**Assigned task**: Every record, from first to last, should be retyped word for word.

Short text fragments from websites
━━━

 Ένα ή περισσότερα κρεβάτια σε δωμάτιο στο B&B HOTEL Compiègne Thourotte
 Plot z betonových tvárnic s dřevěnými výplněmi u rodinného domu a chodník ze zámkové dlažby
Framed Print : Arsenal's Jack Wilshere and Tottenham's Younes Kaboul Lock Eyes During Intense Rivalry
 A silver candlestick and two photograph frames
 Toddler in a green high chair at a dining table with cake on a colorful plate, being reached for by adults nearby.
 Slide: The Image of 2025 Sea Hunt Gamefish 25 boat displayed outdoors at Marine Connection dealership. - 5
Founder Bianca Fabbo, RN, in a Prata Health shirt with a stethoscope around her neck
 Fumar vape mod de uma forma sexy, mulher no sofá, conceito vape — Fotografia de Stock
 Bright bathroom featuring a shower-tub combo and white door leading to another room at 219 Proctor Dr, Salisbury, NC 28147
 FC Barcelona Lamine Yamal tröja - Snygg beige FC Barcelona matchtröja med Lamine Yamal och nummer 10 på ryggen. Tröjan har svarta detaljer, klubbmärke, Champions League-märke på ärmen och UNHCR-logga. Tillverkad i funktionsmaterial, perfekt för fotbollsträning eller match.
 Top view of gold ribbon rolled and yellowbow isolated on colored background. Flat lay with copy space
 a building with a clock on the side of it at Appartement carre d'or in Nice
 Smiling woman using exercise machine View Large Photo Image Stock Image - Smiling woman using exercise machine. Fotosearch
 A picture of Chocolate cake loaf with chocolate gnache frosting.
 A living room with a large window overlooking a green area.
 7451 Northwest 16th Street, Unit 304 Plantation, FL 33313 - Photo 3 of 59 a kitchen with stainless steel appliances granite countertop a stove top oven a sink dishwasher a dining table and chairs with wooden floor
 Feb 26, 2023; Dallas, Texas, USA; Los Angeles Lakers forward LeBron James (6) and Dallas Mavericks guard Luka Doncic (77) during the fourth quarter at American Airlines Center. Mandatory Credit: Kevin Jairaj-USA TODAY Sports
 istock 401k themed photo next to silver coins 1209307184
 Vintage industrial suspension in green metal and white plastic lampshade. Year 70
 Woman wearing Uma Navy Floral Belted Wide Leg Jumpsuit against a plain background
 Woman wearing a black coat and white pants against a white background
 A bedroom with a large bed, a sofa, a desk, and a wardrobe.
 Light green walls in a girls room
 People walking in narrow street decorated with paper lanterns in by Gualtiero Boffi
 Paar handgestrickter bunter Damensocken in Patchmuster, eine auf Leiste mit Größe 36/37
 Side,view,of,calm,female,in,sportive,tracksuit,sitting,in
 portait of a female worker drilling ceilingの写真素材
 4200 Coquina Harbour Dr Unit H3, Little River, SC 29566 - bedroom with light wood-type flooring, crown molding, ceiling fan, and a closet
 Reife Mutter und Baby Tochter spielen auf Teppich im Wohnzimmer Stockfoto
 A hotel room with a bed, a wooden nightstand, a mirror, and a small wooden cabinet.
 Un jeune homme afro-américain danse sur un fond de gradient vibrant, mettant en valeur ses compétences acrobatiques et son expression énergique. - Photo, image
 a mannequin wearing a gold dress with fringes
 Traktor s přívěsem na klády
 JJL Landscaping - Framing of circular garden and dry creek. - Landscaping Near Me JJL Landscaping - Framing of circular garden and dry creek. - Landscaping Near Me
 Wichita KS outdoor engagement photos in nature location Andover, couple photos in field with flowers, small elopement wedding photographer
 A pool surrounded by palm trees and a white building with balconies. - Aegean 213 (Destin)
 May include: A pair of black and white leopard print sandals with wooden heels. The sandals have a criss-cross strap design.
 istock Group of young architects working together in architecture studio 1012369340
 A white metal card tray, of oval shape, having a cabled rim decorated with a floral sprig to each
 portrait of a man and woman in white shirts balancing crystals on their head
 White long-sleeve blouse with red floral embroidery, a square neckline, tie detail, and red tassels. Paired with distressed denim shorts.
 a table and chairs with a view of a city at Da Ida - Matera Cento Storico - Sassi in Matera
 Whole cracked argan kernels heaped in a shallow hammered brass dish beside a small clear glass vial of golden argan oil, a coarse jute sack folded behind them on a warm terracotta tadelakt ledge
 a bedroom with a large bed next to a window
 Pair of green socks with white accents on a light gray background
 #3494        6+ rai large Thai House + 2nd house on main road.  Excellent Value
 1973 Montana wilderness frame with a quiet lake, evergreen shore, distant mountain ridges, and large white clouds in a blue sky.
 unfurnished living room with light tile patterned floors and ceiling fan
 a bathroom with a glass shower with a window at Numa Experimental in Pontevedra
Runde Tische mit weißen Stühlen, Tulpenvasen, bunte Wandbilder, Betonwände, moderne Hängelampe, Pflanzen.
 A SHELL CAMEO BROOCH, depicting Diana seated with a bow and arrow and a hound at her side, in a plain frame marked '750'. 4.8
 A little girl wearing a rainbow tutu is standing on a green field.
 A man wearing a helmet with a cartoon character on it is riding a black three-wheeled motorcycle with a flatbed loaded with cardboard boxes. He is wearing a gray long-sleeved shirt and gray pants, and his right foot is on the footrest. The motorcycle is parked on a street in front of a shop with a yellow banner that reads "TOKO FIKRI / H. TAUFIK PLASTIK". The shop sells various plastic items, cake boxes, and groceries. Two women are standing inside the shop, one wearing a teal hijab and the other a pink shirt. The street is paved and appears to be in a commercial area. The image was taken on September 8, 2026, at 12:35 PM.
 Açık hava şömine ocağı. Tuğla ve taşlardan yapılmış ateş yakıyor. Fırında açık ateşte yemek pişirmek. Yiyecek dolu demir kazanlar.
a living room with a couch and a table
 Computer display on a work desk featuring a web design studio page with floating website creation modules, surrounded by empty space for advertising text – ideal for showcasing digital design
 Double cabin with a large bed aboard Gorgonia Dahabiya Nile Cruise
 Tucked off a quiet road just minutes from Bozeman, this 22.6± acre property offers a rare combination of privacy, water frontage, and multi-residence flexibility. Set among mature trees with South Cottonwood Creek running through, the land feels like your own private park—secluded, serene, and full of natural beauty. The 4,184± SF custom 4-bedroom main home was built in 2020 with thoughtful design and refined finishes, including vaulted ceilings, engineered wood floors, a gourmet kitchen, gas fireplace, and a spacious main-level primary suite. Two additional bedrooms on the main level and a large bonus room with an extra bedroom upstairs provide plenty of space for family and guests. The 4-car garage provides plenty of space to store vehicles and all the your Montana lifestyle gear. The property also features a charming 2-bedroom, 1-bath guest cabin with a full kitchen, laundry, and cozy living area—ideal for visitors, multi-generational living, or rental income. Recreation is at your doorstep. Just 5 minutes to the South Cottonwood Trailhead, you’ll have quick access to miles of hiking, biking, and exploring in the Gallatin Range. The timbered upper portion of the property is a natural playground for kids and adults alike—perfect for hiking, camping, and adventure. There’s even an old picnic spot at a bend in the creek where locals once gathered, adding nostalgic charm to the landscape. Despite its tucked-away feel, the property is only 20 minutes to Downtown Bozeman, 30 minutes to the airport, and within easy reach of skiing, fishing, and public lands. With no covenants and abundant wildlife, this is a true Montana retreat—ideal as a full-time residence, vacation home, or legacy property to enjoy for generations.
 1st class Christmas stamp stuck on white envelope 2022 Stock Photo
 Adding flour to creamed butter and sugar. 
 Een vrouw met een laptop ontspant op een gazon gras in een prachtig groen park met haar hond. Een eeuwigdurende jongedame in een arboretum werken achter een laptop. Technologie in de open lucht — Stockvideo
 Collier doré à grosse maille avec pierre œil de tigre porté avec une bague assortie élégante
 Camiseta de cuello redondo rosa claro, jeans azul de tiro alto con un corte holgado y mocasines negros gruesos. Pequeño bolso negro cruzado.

━━━

**Solution to the exercise**:
 Ένα ή περισσότερα κρεβάτια σε δωμάτιο στο B&B HOTEL Compiègne Thourotte
 Plot z betonových tvárnic s dřevěnými výplněmi u rodinného domu a chodník ze zámkové dlažby
Framed Print : Arsenal's Jack Wilshere and Tottenham's Younes Kaboul Lock Eyes During Intense Rivalry
 A silver candlestick and two photograph frames
 Toddler in a green high chair at a dining table with cake on a colorful plate, being reached for by adults nearby.
 Slide: The Image of 2025 Sea Hunt Gamefish 25 boat displayed outdoors at Marine Connection dealership. - 5
Founder Bianca Fabbo, RN, in a Prata Health shirt with a stethoscope around her neck
 Fumar vape mod de uma forma sexy, mulher no sofá, conceito vape — Fotografia de Stock
 Bright bathroom featuring a shower-tub combo and white door leading to another room at 219 Proctor Dr, Salisbury, NC 28147
 FC Barcelona Lamine Yamal tröja - Snygg beige FC Barcelona matchtröja med Lamine Yamal och nummer 10 på ryggen. Tröjan har svarta detaljer, klubbmärke, Champions League-märke på ärmen och UNHCR-logga. Tillverkad i funktionsmaterial, perfekt för fotbollsträning eller match.
 Top view of gold ribbon rolled and yellowbow isolated on colored background. Flat lay with copy space
 a building with a clock on the side of it at Appartement carre d'or in Nice
 Smiling woman using exercise machine View Large Photo Image Stock Image - Smiling woman using exercise machine. Fotosearch
 A picture of Chocolate cake loaf with chocolate gnache frosting.
 A living room with a large window overlooking a green area.
 7451 Northwest 16th Street, Unit 304 Plantation, FL 33313 - Photo 3 of 59 a kitchen with stainless steel appliances granite countertop a stove top oven a sink dishwasher a dining table and chairs with wooden floor
 Feb 26, 2023; Dallas, Texas, USA; Los Angeles Lakers forward LeBron James (6) and Dallas Mavericks guard Luka Doncic (77) during the fourth quarter at American Airlines Center. Mandatory Credit: Kevin Jairaj-USA TODAY Sports
 istock 401k themed photo next to silver coins 1209307184
 Vintage industrial suspension in green metal and white plastic lampshade. Year 70
 Woman wearing Uma Navy Floral Belted Wide Leg Jumpsuit against a plain background
 Woman wearing a black coat and white pants against a white background
 A bedroom with a large bed, a sofa, a desk, and a wardrobe.
 Light green walls in a girls room
 People walking in narrow street decorated with paper lanterns in by Gualtiero Boffi
 Paar handgestrickter bunter Damensocken in Patchmuster, eine auf Leiste mit Größe 36/37
 Side,view,of,calm,female,in,sportive,tracksuit,sitting,in
 portait of a female worker drilling ceilingの写真素材
 4200 Coquina Harbour Dr Unit H3, Little River, SC 29566 - bedroom with light wood-type flooring, crown molding, ceiling fan, and a closet
 Reife Mutter und Baby Tochter spielen auf Teppich im Wohnzimmer Stockfoto
 A hotel room with a bed, a wooden nightstand, a mirror, and a small wooden cabinet.
 Un jeune homme afro-américain danse sur un fond de gradient vibrant, mettant en valeur ses compétences acrobatiques et son expression énergique. - Photo, image
 a mannequin wearing a gold dress with fringes
 Traktor s přívěsem na klády
 JJL Landscaping - Framing of circular garden and dry creek. - Landscaping Near Me JJL Landscaping - Framing of circular garden and dry creek. - Landscaping Near Me
 Wichita KS outdoor engagement photos in nature location Andover, couple photos in field with flowers, small elopement wedding photographer
 A pool surrounded by palm trees and a white building with balconies. - Aegean 213 (Destin)
 May include: A pair of black and white leopard print sandals with wooden heels. The sandals have a criss-cross strap design.
 istock Group of young architects working together in architecture studio 1012369340
 A white metal card tray, of oval shape, having a cabled rim decorated with a floral sprig to each
 portrait of a man and woman in white shirts balancing crystals on their head
 White long-sleeve blouse with red floral embroidery, a square neckline, tie detail, and red tassels. Paired with distressed denim shorts.
 a table and chairs with a view of a city at Da Ida - Matera Cento Storico - Sassi in Matera
 Whole cracked argan kernels heaped in a shallow hammered brass dish beside a small clear glass vial of golden argan oil, a coarse jute sack folded behind them on a warm terracotta tadelakt ledge
 a bedroom with a large bed next to a window
 Pair of green socks with white accents on a light gray background
 #3494        6+ rai large Thai House + 2nd house on main road.  Excellent Value
 1973 Montana wilderness frame with a quiet lake, evergreen shore, distant mountain ridges, and large white clouds in a blue sky.
 unfurnished living room with light tile patterned floors and ceiling fan
 a bathroom with a glass shower with a window at Numa Experimental in Pontevedra
Runde Tische mit weißen Stühlen, Tulpenvasen, bunte Wandbilder, Betonwände, moderne Hängelampe, Pflanzen.
 A SHELL CAMEO BROOCH, depicting Diana seated with a bow and arrow and a hound at her side, in a plain frame marked '750'. 4.8
 A little girl wearing a rainbow tutu is standing on a green field.
 A man wearing a helmet with a cartoon character on it is riding a black three-wheeled motorcycle with a flatbed loaded with cardboard boxes. He is wearing a gray long-sleeved shirt and gray pants, and his right foot is on the footrest. The motorcycle is parked on a street in front of a shop with a yellow banner that reads "TOKO FIKRI / H. TAUFIK PLASTIK". The shop sells various plastic items, cake boxes, and groceries. Two women are standing inside the shop, one wearing a teal hijab and the other a pink shirt. The street is paved and appears to be in a commercial area. The image was taken on September 8, 2026, at 12:35 PM.
 Açık hava şömine ocağı. Tuğla ve taşlardan yapılmış ateş yakıyor. Fırında açık ateşte yemek pişirmek. Yiyecek dolu demir kazanlar.
a living room with a couch and a table
 Computer display on a work desk featuring a web design studio page with floating website creation modules, surrounded by empty space for advertising text – ideal for showcasing digital design
 Double cabin with a large bed aboard Gorgonia Dahabiya Nile Cruise
 Tucked off a quiet road just minutes from Bozeman, this 22.6± acre property offers a rare combination of privacy, water frontage, and multi-residence flexibility. Set among mature trees with South Cottonwood Creek running through, the land feels like your own private park—secluded, serene, and full of natural beauty. The 4,184± SF custom 4-bedroom main home was built in 2020 with thoughtful design and refined finishes, including vaulted ceilings, engineered wood floors, a gourmet kitchen, gas fireplace, and a spacious main-level primary suite. Two additional bedrooms on the main level and a large bonus room with an extra bedroom upstairs provide plenty of space for family and guests. The 4-car garage provides plenty of space to store vehicles and all the your Montana lifestyle gear. The property also features a charming 2-bedroom, 1-bath guest cabin with a full kitchen, laundry, and cozy living area—ideal for visitors, multi-generational living, or rental income. Recreation is at your doorstep. Just 5 minutes to the South Cottonwood Trailhead, you’ll have quick access to miles of hiking, biking, and exploring in the Gallatin Range. The timbered upper portion of the property is a natural playground for kids and adults alike—perfect for hiking, camping, and adventure. There’s even an old picnic spot at a bend in the creek where locals once gathered, adding nostalgic charm to the landscape. Despite its tucked-away feel, the property is only 20 minutes to Downtown Bozeman, 30 minutes to the airport, and within easy reach of skiing, fishing, and public lands. With no covenants and abundant wildlife, this is a true Montana retreat—ideal as a full-time residence, vacation home, or legacy property to enjoy for generations.
 1st class Christmas stamp stuck on white envelope 2022 Stock Photo
 Adding flour to creamed butter and sugar. 
 Een vrouw met een laptop ontspant op een gazon gras in een prachtig groen park met haar hond. Een eeuwigdurende jongedame in een arboretum werken achter een laptop. Technologie in de open lucht — Stockvideo
 Collier doré à grosse maille avec pierre œil de tigre porté avec une bague assortie élégante
 Camiseta de cuello redondo rosa claro, jeans azul de tiro alto con un corte holgado y mocasines negros gruesos. Pequeño bolso negro cruzado.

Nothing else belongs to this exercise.